# INPUT RECORDS
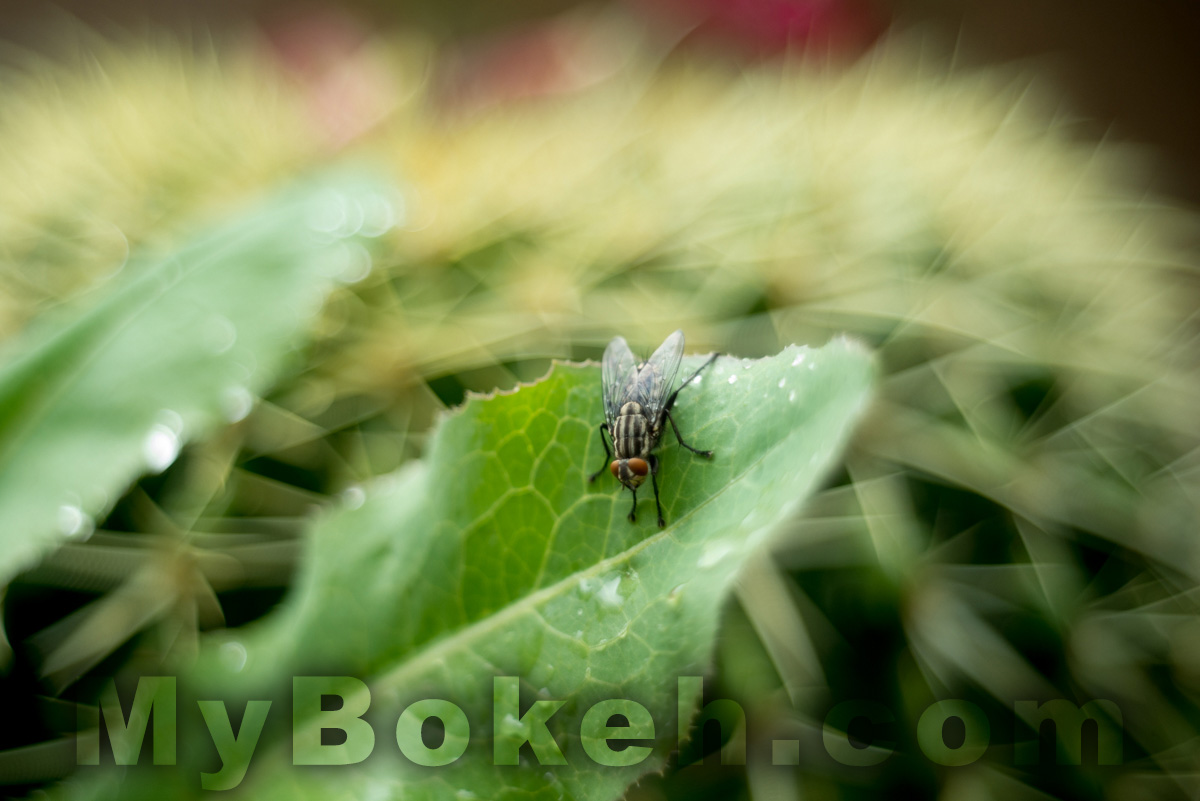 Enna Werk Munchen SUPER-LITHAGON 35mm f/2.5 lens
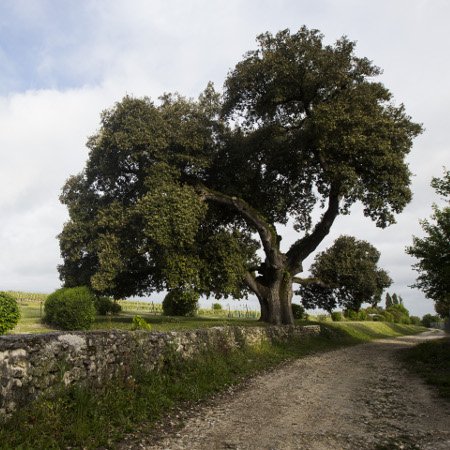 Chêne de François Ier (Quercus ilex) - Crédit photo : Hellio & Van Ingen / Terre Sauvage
...
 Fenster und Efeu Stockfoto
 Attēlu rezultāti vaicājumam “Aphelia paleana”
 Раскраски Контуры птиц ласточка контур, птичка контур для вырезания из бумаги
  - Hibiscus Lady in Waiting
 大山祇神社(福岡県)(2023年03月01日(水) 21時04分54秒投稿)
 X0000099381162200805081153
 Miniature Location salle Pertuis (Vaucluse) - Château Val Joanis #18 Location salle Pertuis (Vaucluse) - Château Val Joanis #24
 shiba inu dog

# REQUIREMENT
For the listing above, print only the lines starting at the line containing "- Hibiscus Lady in Waiting" and ending at the line containing "shiba inu dog", exactly, both included.

# SOLUTION TO THIS PROBLEM
  - Hibiscus Lady in Waiting
 大山祇神社(福岡県)(2023年03月01日(水) 21時04分54秒投稿)
 X0000099381162200805081153
 Miniature Location salle Pertuis (Vaucluse) - Château Val Joanis #18 Location salle Pertuis (Vaucluse) - Château Val Joanis #24
 shiba inu dog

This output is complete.